Но в награду три по пять минут между лекциями и полдневные сорок собьются на живую нитку — длиннее юности и иных намерений и ввернут поселянку Дв. в новое накопительство. В дни, когда трасса просеет ей — солнечные ведуты и лучших прохожих, сколачивать портретную галерею: юноша в золотом венке и юноша с корзиной фруктов и с черепом, молодой человек в голубом, портрет пирующего Вакха и портрет лейтенанта зуавов, привязанного к дубу, ученик звездочета или Эразм Роттердамский с арбалетом и с желтой гвоздикой за ухом… портрет отдыхающего на пути в Египет… портрет молодого человека, снимаемого с креста… Точнее, сбивать коллекцию из моментальной фотокабины: Пастухов, несущий под локтем две растрепанных книги, шевелюра и борода против лета черпнули сумрачности.

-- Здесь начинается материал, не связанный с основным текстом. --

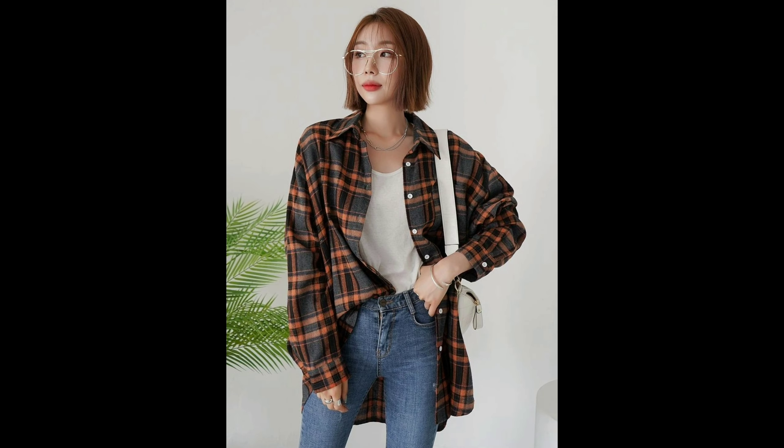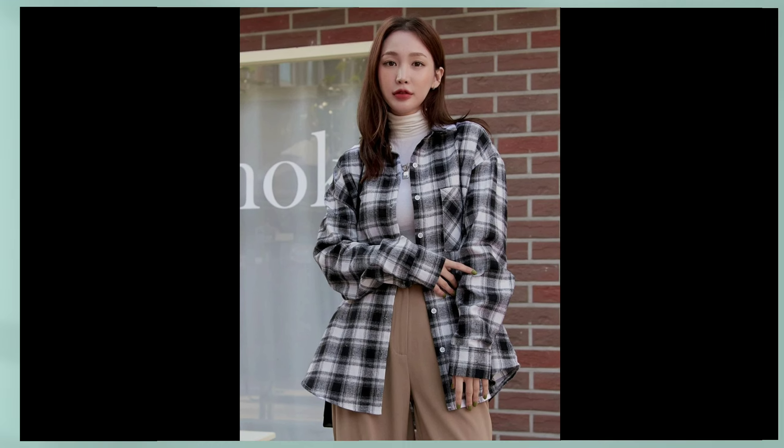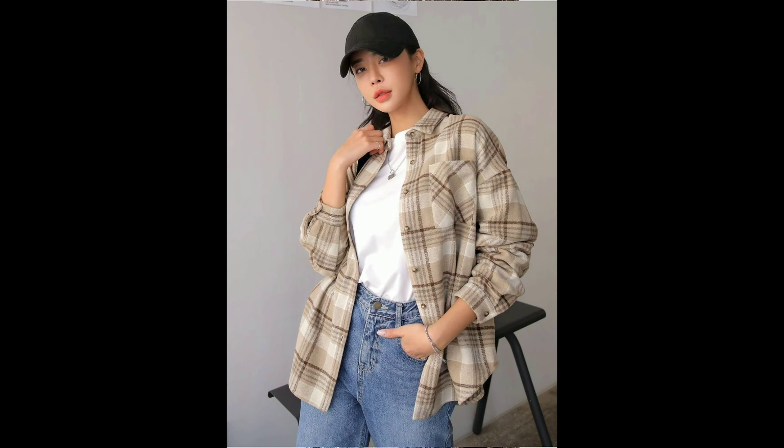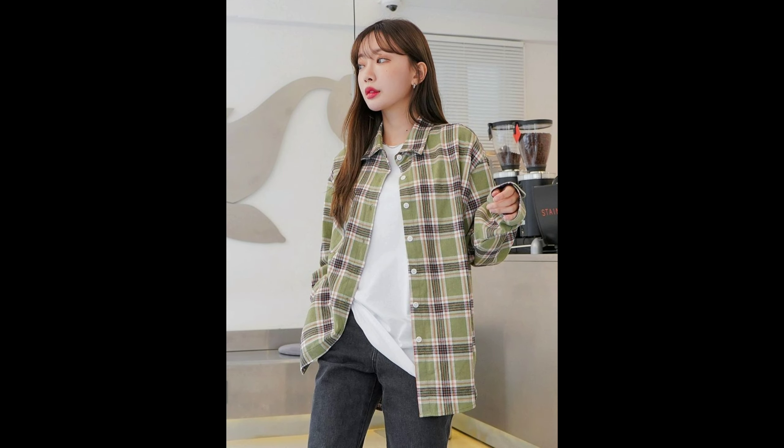Hey guys, welcome back to my YouTube channel. Girls present review — today we have a lot of beautiful and stylish check print shirts. Today's check print shirts are very trending and look very stylish. In today's video we have different types of check pattern shirts and different colors.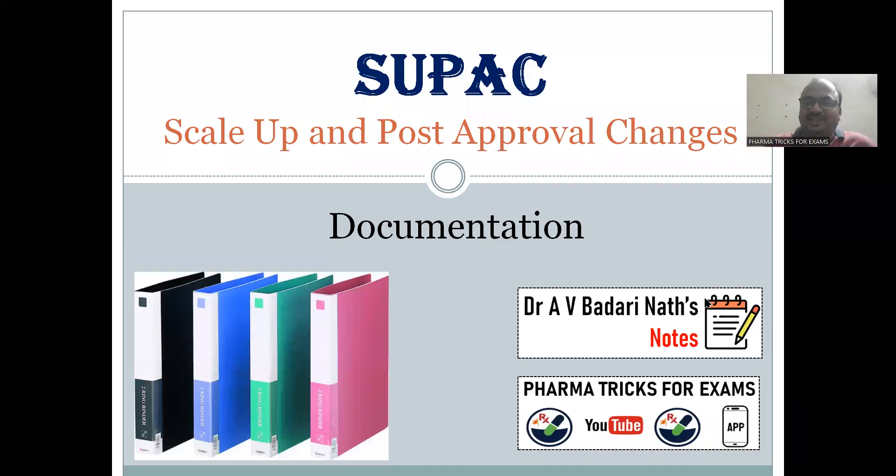Hi students, this is Dr. Badrenath and today's topic is SUPAC documentation. Documentation is very important in regulatory affairs — the regulatory affairs industry offers more salary than production, which is why this department is very important. This topic is related only to SUPAC documentation.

Рядом несравненный молодой человек в полный рост, свитер и вытертые джинсы, у расписания курсов или рейсов. С ними — Пастухов с заброшенной за спину курткой жалует кому-то рукопожатие, да не отсохнуть руке счастливчика! Здесь же Пастухов — потрошитель Таллина, города в табакерке — в снежной картонке с синим куполом, с облаком-цитаделью, обращая Таллин в дым — в толпе таких же потрошителей, фон — черная лестница… В шаге молодой человек с бородой и голубой тенью под глазами, кричащий вдаль — простуженные приветы, и примкнувший к компании — Пастухов у окна, в разгоревшихся лампады весны, вплетающих в несравненного золотую нить. Портрет в темных тонах: Разбивающий Сердца, рука отведена на плечо рыжекудрой прелестницы в белом пиджаке, распахнувшем зачерненный и зауженный стан стрекозы. Несравненный с портфелем, в дверях аудитории, оглянувшись… Почему, почему никто не вспомнил ему, что оглядываться — возбраняется, запрещено, заклятие? Наконец, Пастухов, Лишенный памяти — бесстрастно идущий мимо той, с кем съел чуть не пуд ягод юности… уж не меньше пригоршни.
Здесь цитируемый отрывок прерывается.